# Analysis of Physical Oceanographic Data - SIO 221A
### Python version of [Sarah Gille's](http://pordlabs.ucsd.edu/sgille/sioc221a/index.html) notes by:
#### Bia Villas Bôas (avillasboas@ucsd.edu) & Gui Castelão (castelao@ucsd.edu)

## Lecture 9

*Reading:  Bendat and Piersol, Ch. 4.2.2*

#### Recap

So far this class has looked at methods for computing spectra and assigning
uncertainties, and we've identified the
the lowest resolved frequency and the Nyquist frequency (the highest frequency
for which we have any information.)  We've almost managed to produce useful spectra,
but we still need to be able to assign error bars and figure out how many degrees of freedom we have.

#### Spectral Uncertainties

We left off last time talking about how to attach error bars to spectra.  We defined our spectral estimate:
$$
\begin{equation}
\hat{E}(f) = \langle |a(f)|^2\rangle = \frac{1}{n}\sum_{i=1}^{n} |a(f)|^2, \hspace{3cm} (1)
\end{equation}
$$

where $a$ is used for the complex Fourier coefficients, and $f$ is frequency.  With $n$ segments to average, this gives us $\nu=2n$ degrees of freedom.

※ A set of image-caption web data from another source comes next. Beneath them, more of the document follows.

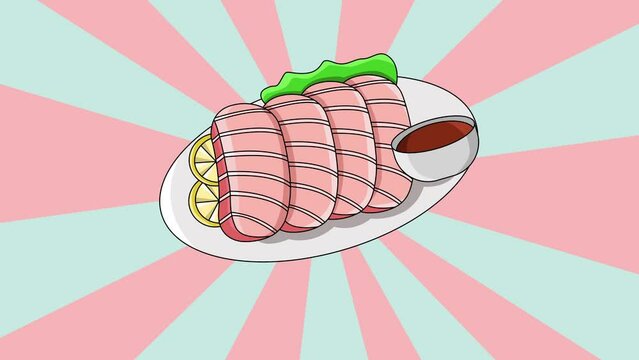 Animation of a typical Japanese food sashimi icon with a rotating background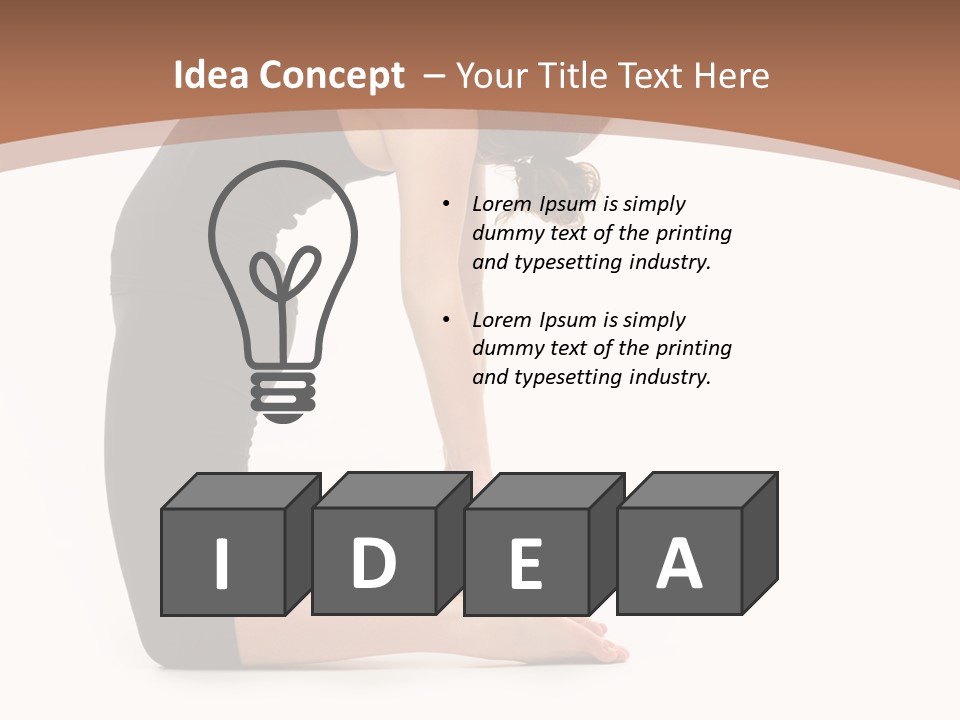 A Woman In A Black Dress Is Doing Yoga PowerPoint Template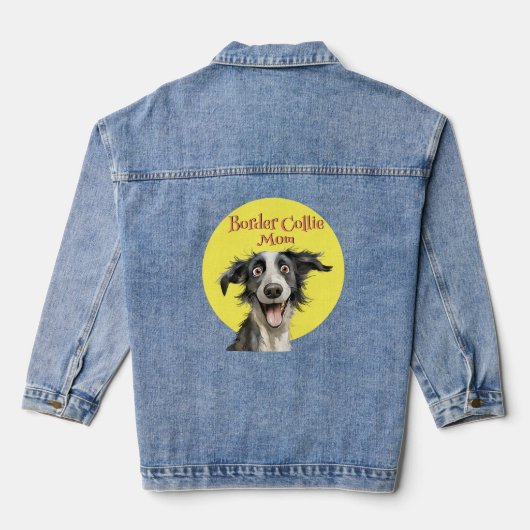 Schattigee grillige grens collie mam illustratie denim jacket (Achterkant)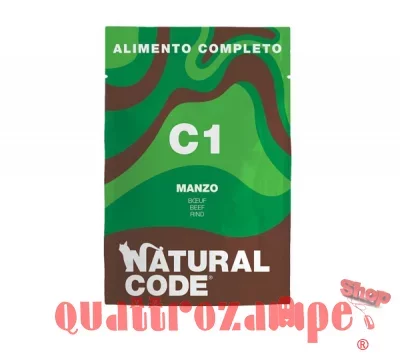 Natural Code C1 Manzo 70 gr Cibo Umido Completo Per Gatti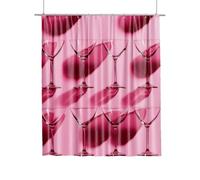 Tenda Doccia Extra Lunga 200x200cm Tenda Doccia Impermeabile Tazza Rosa, Tende Doccias Include Anelli e Ganci Lavabile in Lavatrice, Asciugatura Rapida Orlo Appesantito, Tende per Vasca da Bagno F-5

Then we defined the ratio of the estimated spectrum to the true spectrum, which we multipled  by $\nu$:
$$
\begin{equation}
y = \nu \frac{\hat{E}_\nu(f)}{E(f)} \hspace{3cm} (2)
\end{equation}
$$

So even though we don't know $E$, we know that the ratio of $\nu\hat{E}$ to $E$
($\nu\hat{E}/E$)
is a $\chi^2$ quantity.  The expectation value of this ratio is $\nu$, and
the standard deviation is $\langle y^2\rangle - \langle y\rangle^2 = 2\nu$ (see
Bendat and Piersol, section 4.2.2).
From that we can infer that with two
degrees of freedom, the standard deviation $\langle\hat{E}^2\rangle -
\langle\hat{E}\rangle^2 = 2/\nu E_0^2 = E_0^2$, which means that
the standard deviation is equal to the original value.  Clearly we need more
samples.

Now in reality, we don't care about the details of $\chi^2$ but rather the probability that
our estimate of the spectrum $\hat{E}$ is close to or far from the unknown
true spectrum $E$, so
we're going to look at the probability that  $\nu \hat E(f)/E(f)$
falls within a fixed range.  So we want to use the  $\chi^2$ distribution as
a probability distribution and ask about the probability that  $\hat E(f)/E(f)$ should be within $\pm$ some range of 1.
Formally, the probability that the estimated spectrum should be close
in value to the true spectrum is:


$$
\begin{equation}
P\left(\chi_{\nu,1-\alpha/2}^2 < \nu \frac{\hat E(f)}{E(f)} <
\chi_{\nu,\alpha/2}^2\right)  = 1-\alpha  \hspace{3cm} (3)
\end{equation}
$$


so if we want to find a 95\% significance level, we set $\alpha$ to 0.05.
We'll want to know the value of $\chi^2$ that corresponds to a given
point on the cdf, so for this we use the inverse $\chi^2$ function (''chi2inv''
in Matlab).
So we can invert this relationship to provide the probability that the true value is
within a particular range of the observed value:


$$
\begin{equation}
P\left(\frac{\chi_{\nu,1-\alpha/2}^2}{\nu} < \frac{\hat E(f)}{E(f)} <
\frac{\chi_{\nu,\alpha/2}^2}{\nu}\right) = 1-\alpha  \hspace{3cm} (4)
\end{equation}
$$

$$\begin{equation}
P\left(\frac{\nu}{\chi_{\nu,1-\alpha/2}^2} > \frac{E(f)}{\hat E(f)} >
\frac{\nu}{\chi_{\nu,\alpha/2}^2}\right) = 1-\alpha  \hspace{3cm} (5)
\end{equation}$$

$$\begin{equation}
P\left(\frac{\nu \hat{E}(f)}{\chi_{\nu,1-\alpha/2}^2} > E(f) >
\frac{\nu \hat{E}(f)}{\chi_{\nu,\alpha/2}^2}\right) = 1-\alpha  \hspace{3cm} (6)
\end{equation}$$

$$\begin{equation}
P\left(\frac{\nu}{\chi_{\nu,\alpha/2}^2} < \frac{E(f)}{\hat E(f)} <
\frac{\nu}{\chi_{\nu,1-\alpha/2}^2}\right) = 1-\alpha  \hspace{3cm} (7)
\end{equation}$$

Whether you use $\chi^2$ or its reciprocal, the ratio between the high and low
error bars should be the same, and the ratio will be what matters.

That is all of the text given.